5. (Optional) If you are using VSCode you can also download the relevant extension called Cloud Code. After installing it you should see a small Cloud Code button in the action bar.

Finally, we need to activate a couple of developer APIs that are not activated by default. In a terminal write

gcloud services enable apigateway.googleapis.com
gcloud services enable servicemanagement.googleapis.com
gcloud services enable servicecontrol.googleapis.com

you can always check which services are enabled by typing

gcloud services list

After following these steps your laptop should hopefully be setup for using GCP locally. You are now ready to use their services, both locally on your laptop and in the cloud console.

IAM and Quotas

A big part of using the cloud in a bigger organization has to do with Admin and quotas. Admin here in general refers to the different roles that users of GCP and quotas refer to the amount of resources that a given user has access to. For example, one employee, let's say a data scientist, may only be granted access to certain GCP services that have to do with the development and training of machine learning models, with X amounts of GPUs available to use to make sure that the employee does not spend too much money. Another employee, a DevOps engineer, probably does not need access to the same services and not necessarily the same resources.

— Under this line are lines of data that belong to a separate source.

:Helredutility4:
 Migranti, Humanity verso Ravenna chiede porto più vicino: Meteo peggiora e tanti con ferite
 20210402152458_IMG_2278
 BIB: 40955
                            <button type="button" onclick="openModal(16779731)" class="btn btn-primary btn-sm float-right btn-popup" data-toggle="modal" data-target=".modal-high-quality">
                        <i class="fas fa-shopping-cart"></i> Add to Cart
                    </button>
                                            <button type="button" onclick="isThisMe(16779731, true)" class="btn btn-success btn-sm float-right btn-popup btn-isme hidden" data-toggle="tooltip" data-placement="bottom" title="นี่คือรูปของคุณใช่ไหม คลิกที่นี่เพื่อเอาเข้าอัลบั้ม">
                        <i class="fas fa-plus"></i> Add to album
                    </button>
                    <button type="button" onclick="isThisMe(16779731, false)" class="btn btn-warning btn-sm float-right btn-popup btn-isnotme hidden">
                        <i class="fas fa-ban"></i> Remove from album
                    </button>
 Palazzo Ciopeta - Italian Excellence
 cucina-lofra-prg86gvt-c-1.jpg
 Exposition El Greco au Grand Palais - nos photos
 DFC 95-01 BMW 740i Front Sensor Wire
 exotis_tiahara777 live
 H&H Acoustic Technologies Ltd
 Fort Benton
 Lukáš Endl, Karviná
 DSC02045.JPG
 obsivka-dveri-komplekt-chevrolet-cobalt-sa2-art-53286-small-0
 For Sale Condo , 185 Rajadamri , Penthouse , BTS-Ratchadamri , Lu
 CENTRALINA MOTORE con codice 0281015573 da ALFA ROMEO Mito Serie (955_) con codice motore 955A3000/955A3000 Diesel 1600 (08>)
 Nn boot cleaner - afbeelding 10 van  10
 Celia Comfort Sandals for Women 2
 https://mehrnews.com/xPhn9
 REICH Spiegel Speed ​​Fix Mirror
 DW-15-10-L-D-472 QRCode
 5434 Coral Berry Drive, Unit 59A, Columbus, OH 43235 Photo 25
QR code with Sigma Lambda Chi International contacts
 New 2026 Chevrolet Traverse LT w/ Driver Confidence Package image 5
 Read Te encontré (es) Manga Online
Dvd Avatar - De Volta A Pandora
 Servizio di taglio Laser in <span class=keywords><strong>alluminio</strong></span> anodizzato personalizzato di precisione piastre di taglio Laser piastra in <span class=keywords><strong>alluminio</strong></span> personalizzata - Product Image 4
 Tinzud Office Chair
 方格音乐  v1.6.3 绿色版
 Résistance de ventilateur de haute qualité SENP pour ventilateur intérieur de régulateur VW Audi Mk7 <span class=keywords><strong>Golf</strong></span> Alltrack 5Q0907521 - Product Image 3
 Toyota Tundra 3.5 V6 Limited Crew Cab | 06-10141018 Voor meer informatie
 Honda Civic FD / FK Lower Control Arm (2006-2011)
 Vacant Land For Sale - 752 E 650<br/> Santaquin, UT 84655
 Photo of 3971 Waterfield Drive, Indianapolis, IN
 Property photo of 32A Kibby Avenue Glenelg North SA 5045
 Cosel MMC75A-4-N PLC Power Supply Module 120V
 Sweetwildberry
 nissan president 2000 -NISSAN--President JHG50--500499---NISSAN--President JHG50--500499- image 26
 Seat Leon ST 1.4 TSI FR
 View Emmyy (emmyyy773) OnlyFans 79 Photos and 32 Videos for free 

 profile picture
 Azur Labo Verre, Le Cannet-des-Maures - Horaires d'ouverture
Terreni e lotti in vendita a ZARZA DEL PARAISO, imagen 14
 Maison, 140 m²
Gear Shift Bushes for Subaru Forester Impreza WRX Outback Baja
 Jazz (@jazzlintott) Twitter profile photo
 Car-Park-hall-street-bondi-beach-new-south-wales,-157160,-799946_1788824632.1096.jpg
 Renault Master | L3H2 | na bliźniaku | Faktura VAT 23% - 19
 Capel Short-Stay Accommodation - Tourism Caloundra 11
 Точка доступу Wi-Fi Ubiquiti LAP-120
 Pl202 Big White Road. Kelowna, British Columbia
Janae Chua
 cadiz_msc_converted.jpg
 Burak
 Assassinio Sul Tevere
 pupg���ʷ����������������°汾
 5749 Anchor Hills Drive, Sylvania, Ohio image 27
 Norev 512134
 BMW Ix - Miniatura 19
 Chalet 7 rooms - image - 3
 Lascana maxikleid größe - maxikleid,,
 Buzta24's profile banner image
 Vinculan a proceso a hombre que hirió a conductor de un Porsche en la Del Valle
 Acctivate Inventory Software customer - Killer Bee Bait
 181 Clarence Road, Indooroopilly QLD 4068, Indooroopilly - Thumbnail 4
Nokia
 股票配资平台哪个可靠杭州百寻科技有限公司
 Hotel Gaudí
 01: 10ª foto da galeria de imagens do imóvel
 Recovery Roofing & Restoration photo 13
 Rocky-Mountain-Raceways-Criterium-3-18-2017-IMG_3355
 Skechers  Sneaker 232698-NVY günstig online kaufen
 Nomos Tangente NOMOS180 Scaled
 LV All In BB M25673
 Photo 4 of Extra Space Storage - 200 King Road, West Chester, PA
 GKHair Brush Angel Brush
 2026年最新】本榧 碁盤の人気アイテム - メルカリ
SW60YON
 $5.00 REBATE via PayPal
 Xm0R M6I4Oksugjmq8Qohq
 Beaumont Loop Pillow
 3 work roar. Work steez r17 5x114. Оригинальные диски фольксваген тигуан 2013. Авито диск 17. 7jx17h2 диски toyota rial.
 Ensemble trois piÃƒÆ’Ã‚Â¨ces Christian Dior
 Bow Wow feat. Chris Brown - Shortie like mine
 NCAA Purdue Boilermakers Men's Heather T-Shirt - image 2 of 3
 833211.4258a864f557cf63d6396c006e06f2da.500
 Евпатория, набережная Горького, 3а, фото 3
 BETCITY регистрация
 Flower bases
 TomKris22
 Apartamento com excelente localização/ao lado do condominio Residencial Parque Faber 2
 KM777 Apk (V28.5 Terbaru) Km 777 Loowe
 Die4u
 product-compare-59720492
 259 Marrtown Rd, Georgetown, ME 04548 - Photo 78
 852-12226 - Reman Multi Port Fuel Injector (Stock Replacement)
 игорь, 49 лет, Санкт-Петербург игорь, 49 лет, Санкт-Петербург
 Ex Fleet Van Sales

In this course, we are not going to focus too much on this aspect but it is important to know that it exists. One feature you are going to need for doing the project is how to share a project with other people. This is done through the IAM (Identities and Access Management) page. Simply click the Grant Access button, search for the email of the person you want to share the project with and give them either Viewer, Editor or Owner access, depending on what you want them to be able to do. The figure below shows how to do this.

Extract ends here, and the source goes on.